▶ _Aim of the exercise_: Only the lines in the entries below from the line with "Kontrolden çıktı, tarlaya uçtu!!!" to the line with "Wedge-rumped Storm-Petrel - ML644015886", both included, belong in the answer, transcribed exactly and without pictures.

▶ _Material shown_:
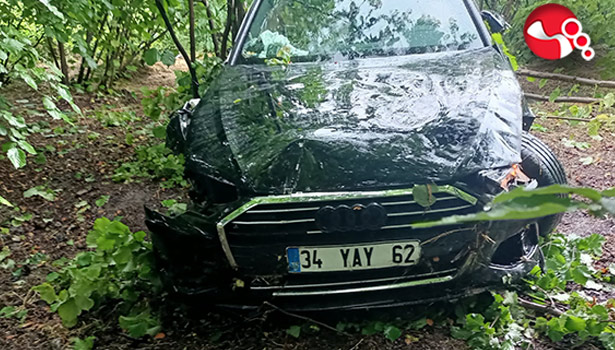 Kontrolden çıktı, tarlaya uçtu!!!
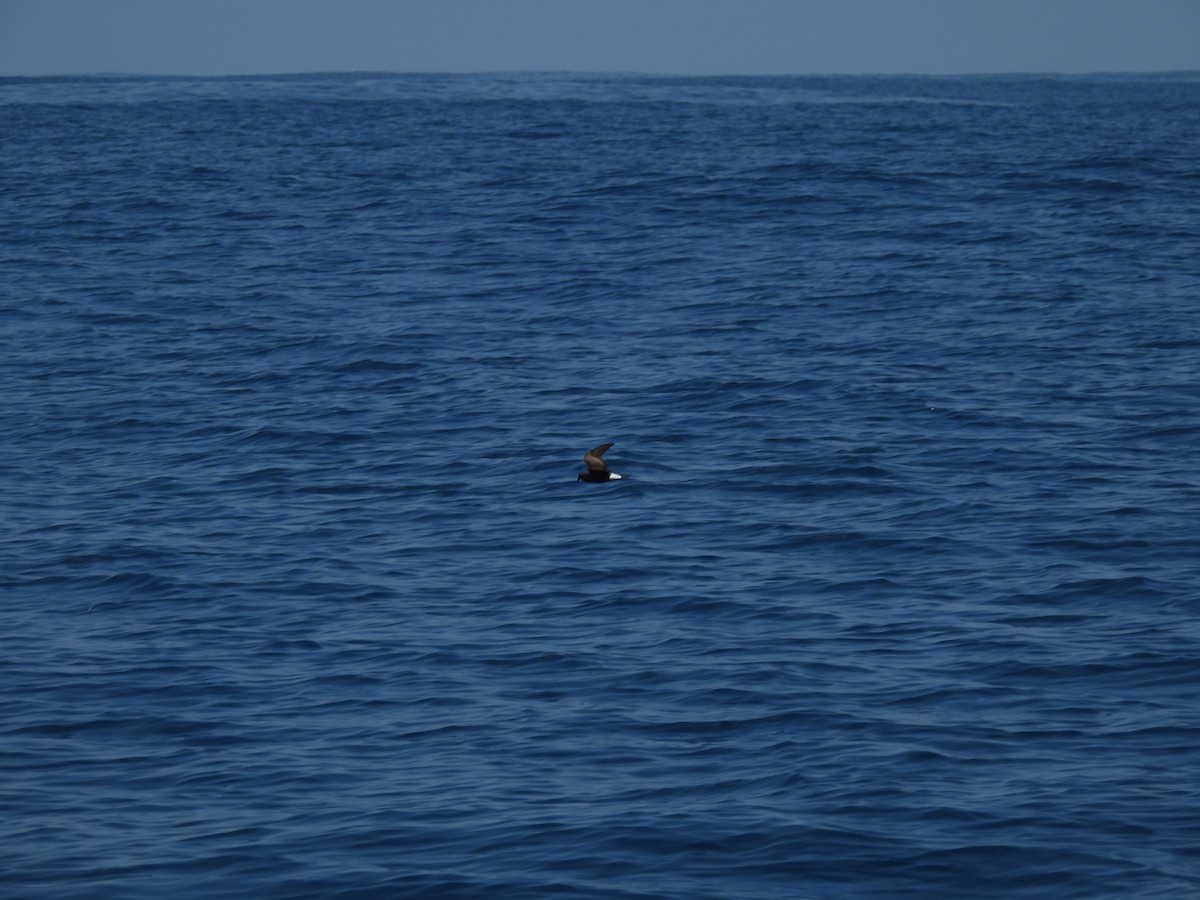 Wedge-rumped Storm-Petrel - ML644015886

==

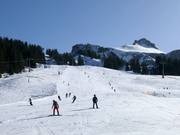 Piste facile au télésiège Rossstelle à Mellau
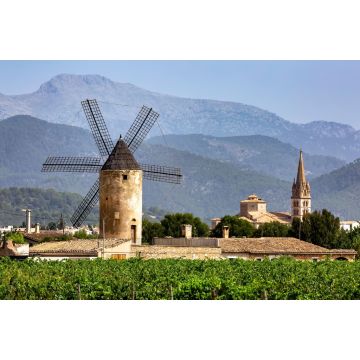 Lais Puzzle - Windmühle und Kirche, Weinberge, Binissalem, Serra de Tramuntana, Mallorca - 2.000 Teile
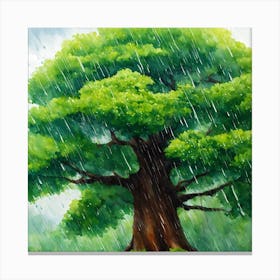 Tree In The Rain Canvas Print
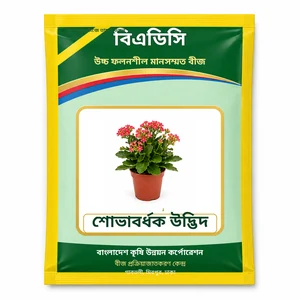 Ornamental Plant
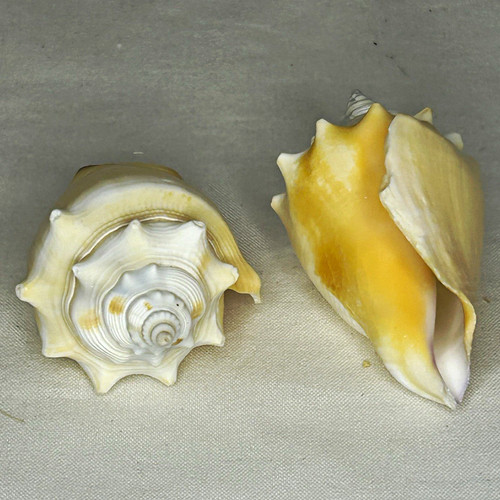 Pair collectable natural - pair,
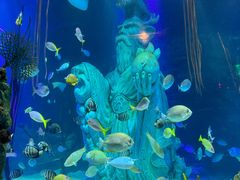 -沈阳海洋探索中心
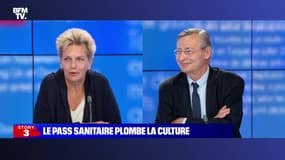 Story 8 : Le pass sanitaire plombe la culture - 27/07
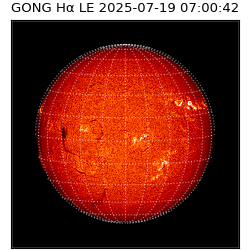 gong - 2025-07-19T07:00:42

...

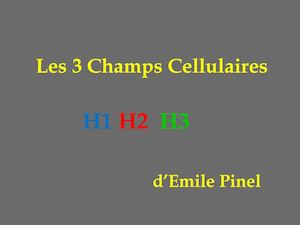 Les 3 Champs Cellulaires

▶ _Exercise output_:
 Kontrolden çıktı, tarlaya uçtu!!!
 Wedge-rumped Storm-Petrel - ML644015886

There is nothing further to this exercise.